In the introduction to the broadcast, there is a call for Quiet, Please, repeated twice, followed by a lonely, funereal organ playing. Most of the story is told as a narrative, with little dialog. The featured actor, Ernest Chappell, is credited as "the man who spoke to you." Chappell did not play an action character; rather he would tell the listener a story, usually in the form of a flashback. He would be a retired oil man telling a story to the listener from his living room, or an old railroad worker whom the listener meets in the station. Always the listener is engaged because the story is being told directly to him, as though he were in the same room. Slowly, quietly, the listener is drawn into a world very similar to our own, but it is a world where an unseen, unknown terror is lurking very nearby. Chappell would usually portray a specialist of some type, an oil platform worker, a mountain climber, a soldier, a telegraph operator, and Cooper would pepper the stories with details of the job, further drawing the listener into the world they create.

Willis Cooper |
Ernest Chappell had worked in radio for a number of years, but always as a newsman or announcer. This suited Cooper's project perfectly (acting was a "pet hate" of Cooper's). The stories are genius in their simplicity, mostly narrative with only two or three actors besides Chappell filling small parts, and very little sound effects and other production techniques besides the afore mentioned organ. The show was also noted for its long, dramatic pauses. One reviewer said they were often long enough that you thought your radio had gone dead, that a "half hour Cooper script played at ordinary tempo would run about 11 minutes." The same reviewer would praise the show.
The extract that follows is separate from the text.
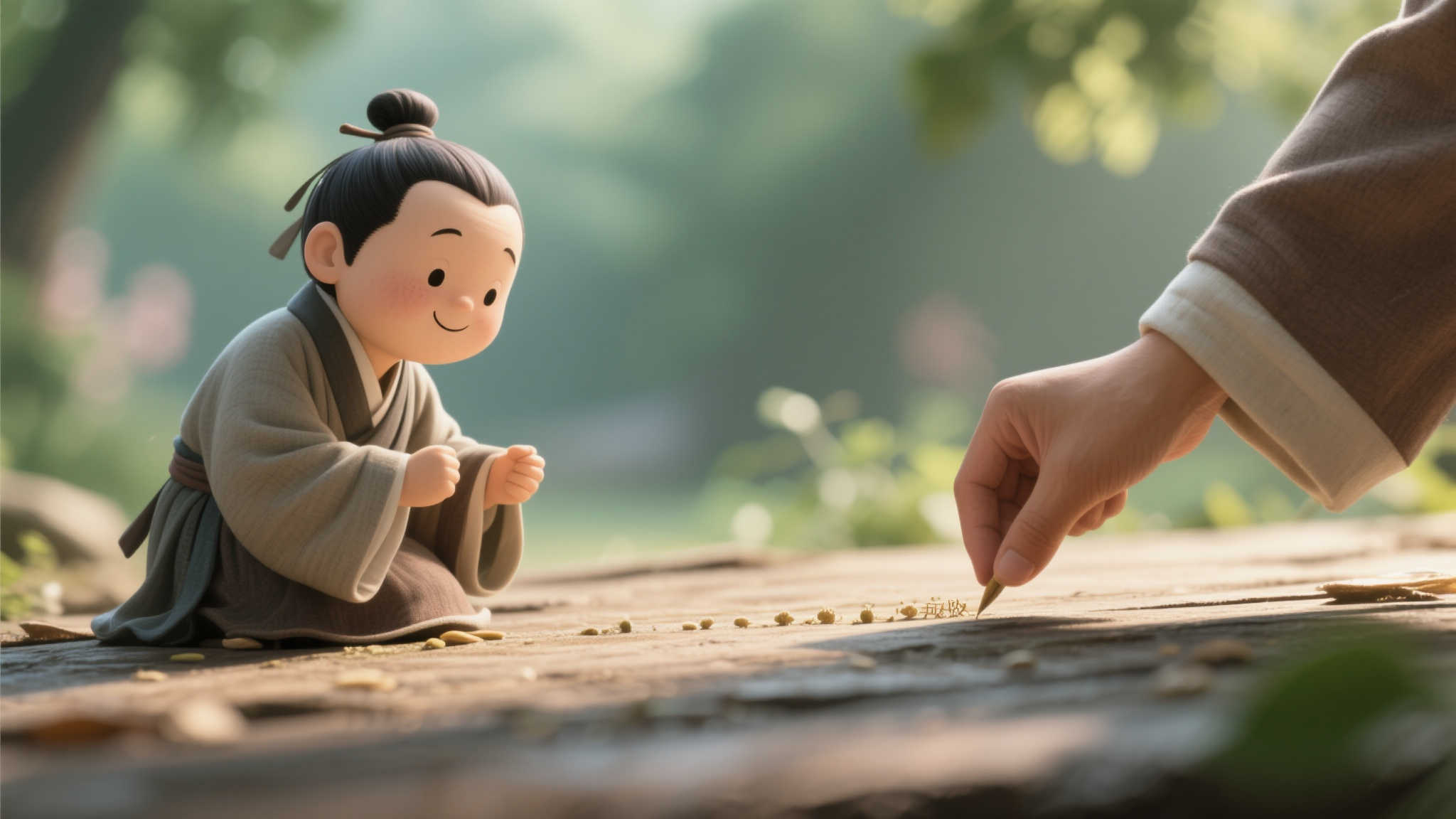 通过这个故事，我们不难发现，生活中的小习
Quiet, Please is usually listed as a horror and suspense program, but the topics would also range through romance, science fiction, crime and family drama, even humor, albeit dark and self deprecating. The call for Quiet, Please asks the listener to put away distractions so that another world can be entered, and then (hopefully) safely left behind. "And so, until next week at this same time, I am quietly yours, Ernest Chappell."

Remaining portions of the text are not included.